Start of Block

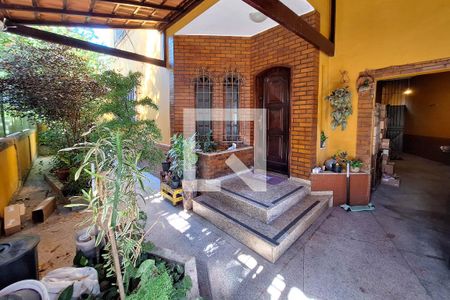 Quintal de casa à venda com 3 quartos, 198m² em Santa Rosa, Niterói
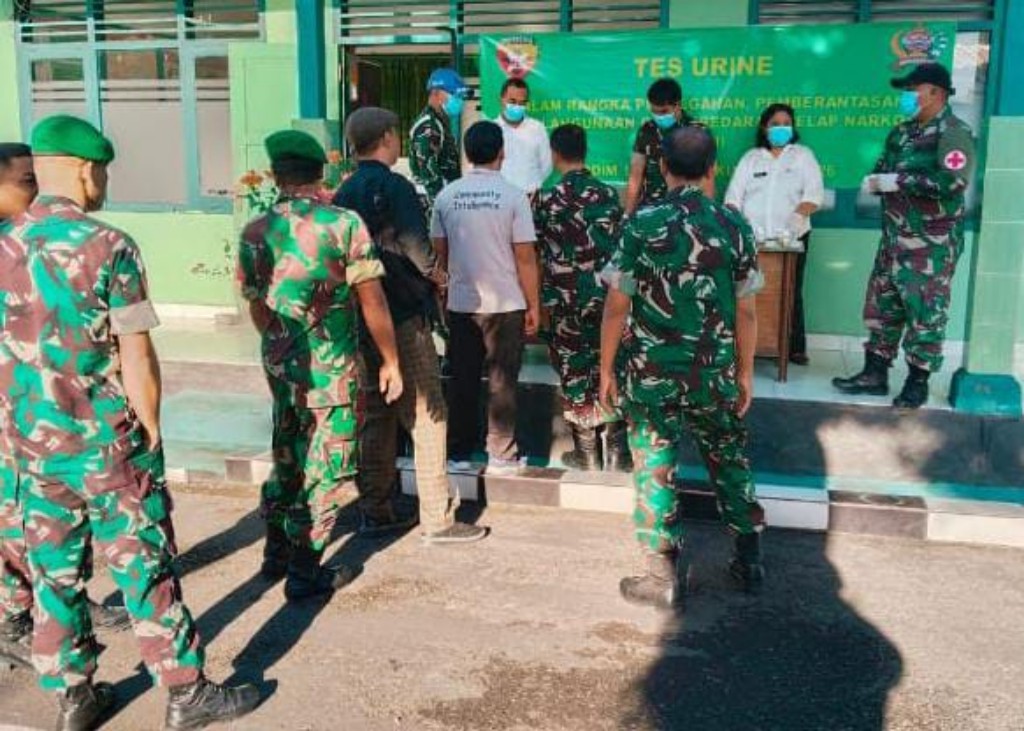 Wujudkan Satuan Zero Narkoba, Dandim Klungkung Gelar Penyuluhan P4GN dan Tes Urine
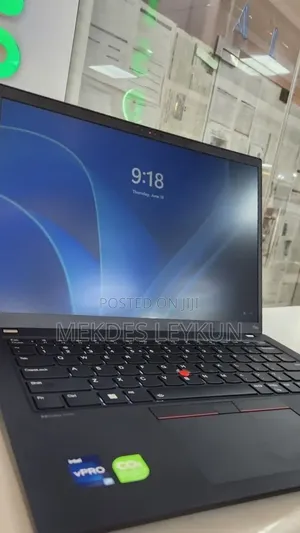 New Laptop Lenovo ThinkPad T14s G4 16GB Intel Core i7 SSD 512GB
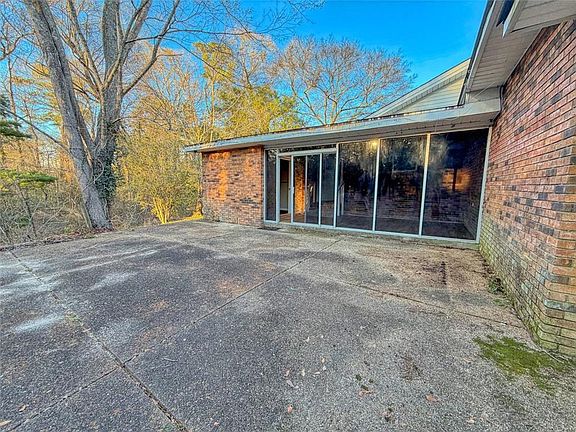 3rd image of 703 Varnado St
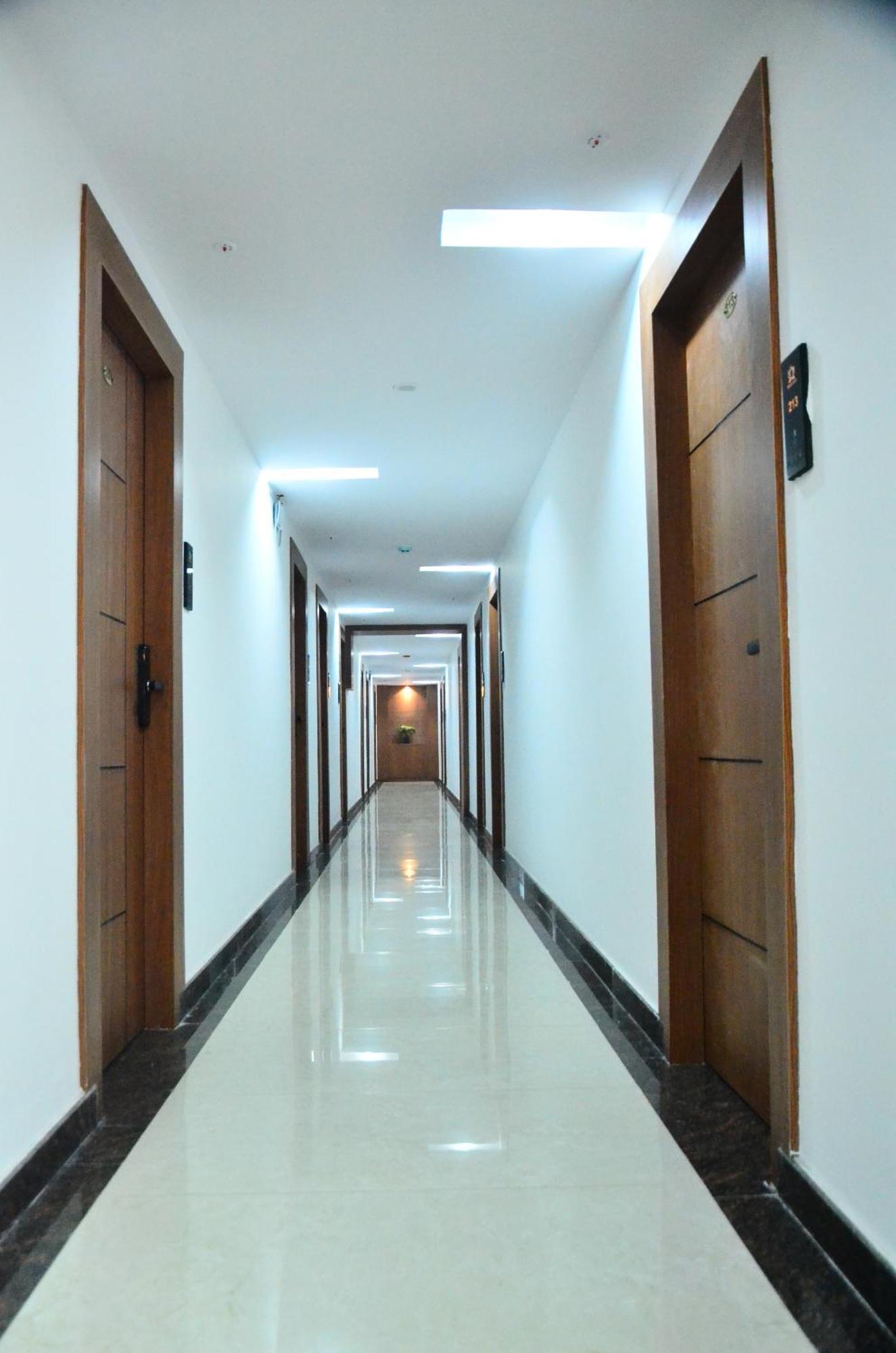 Hotel Eyrie Nest Bangalore Exterior foto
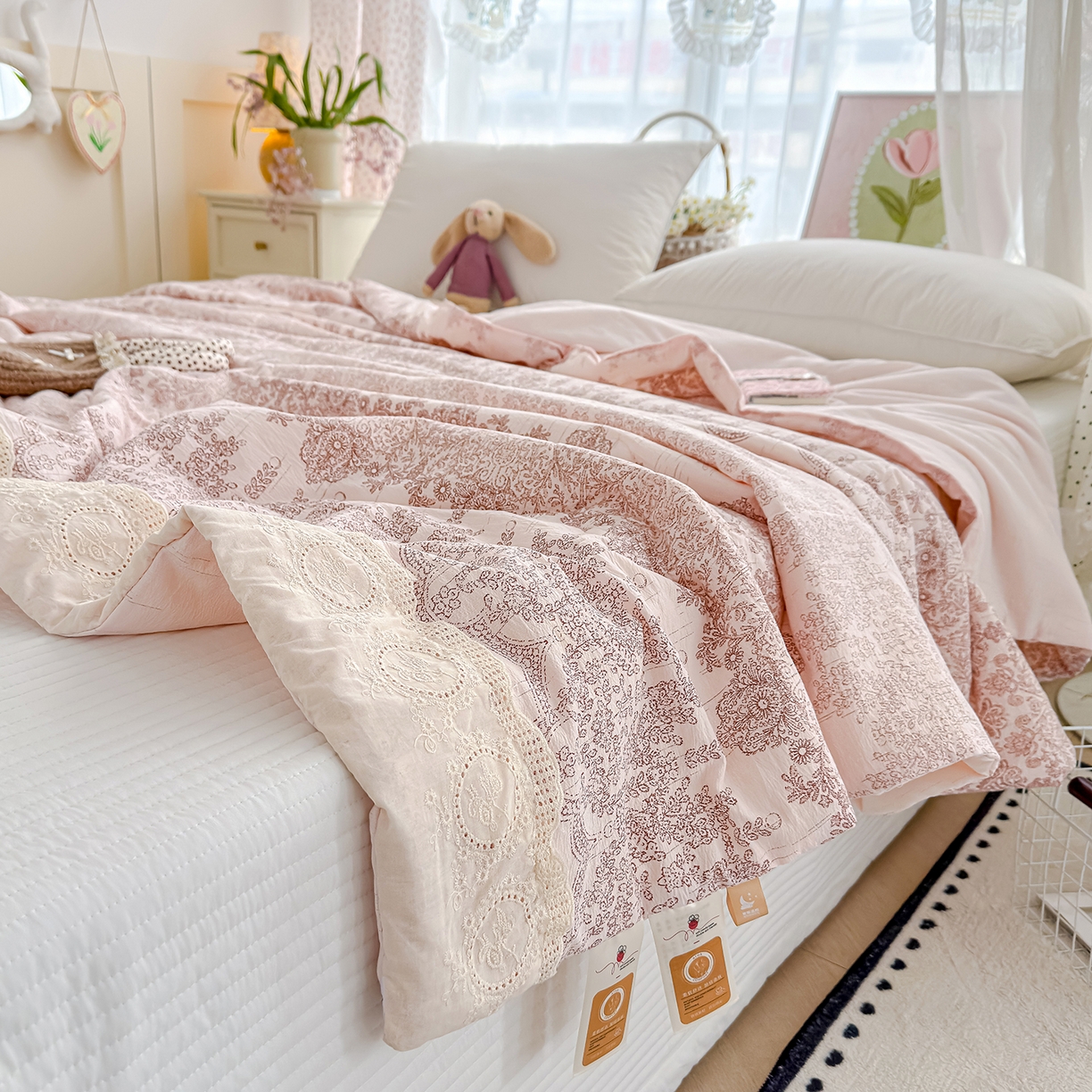 91家纺网 家纺一手货源 找家纺 芯恋家居 2026新款亚麻风云感花边夏被夏凉被空调被春秋被 倾城之恋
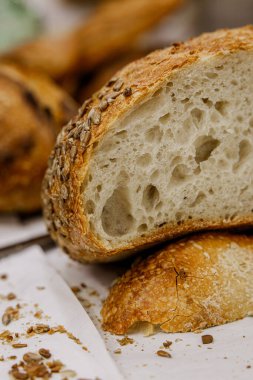 Ev Fırını 'ndan çeşitli sağlıklı ekşi ekmekler. Fırından taze zanaatkar ekmeği. Kırsal Ev Yapımı Pasta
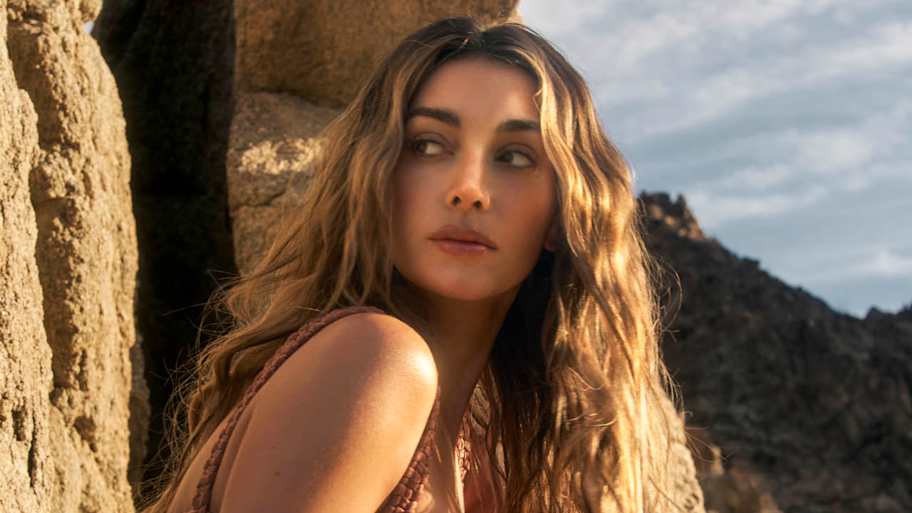 Brianna LaPaglia’s SI Swimsuit Feature Was a Display of Earthy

End of Block

■ **Task details**
Wherever a picture appears in the records, omit it, and transcribe everything else exactly.

■ **Task response**
 Quintal de casa à venda com 3 quartos, 198m² em Santa Rosa, Niterói
 Wujudkan Satuan Zero Narkoba, Dandim Klungkung Gelar Penyuluhan P4GN dan Tes Urine
 New Laptop Lenovo ThinkPad T14s G4 16GB Intel Core i7 SSD 512GB
 3rd image of 703 Varnado St
 Hotel Eyrie Nest Bangalore Exterior foto
 91家纺网 家纺一手货源 找家纺 芯恋家居 2026新款亚麻风云感花边夏被夏凉被空调被春秋被 倾城之恋
 Ev Fırını 'ndan çeşitli sağlıklı ekşi ekmekler. Fırından taze zanaatkar ekmeği. Kırsal Ev Yapımı Pasta
 Brianna LaPaglia’s SI Swimsuit Feature Was a Display of Earthy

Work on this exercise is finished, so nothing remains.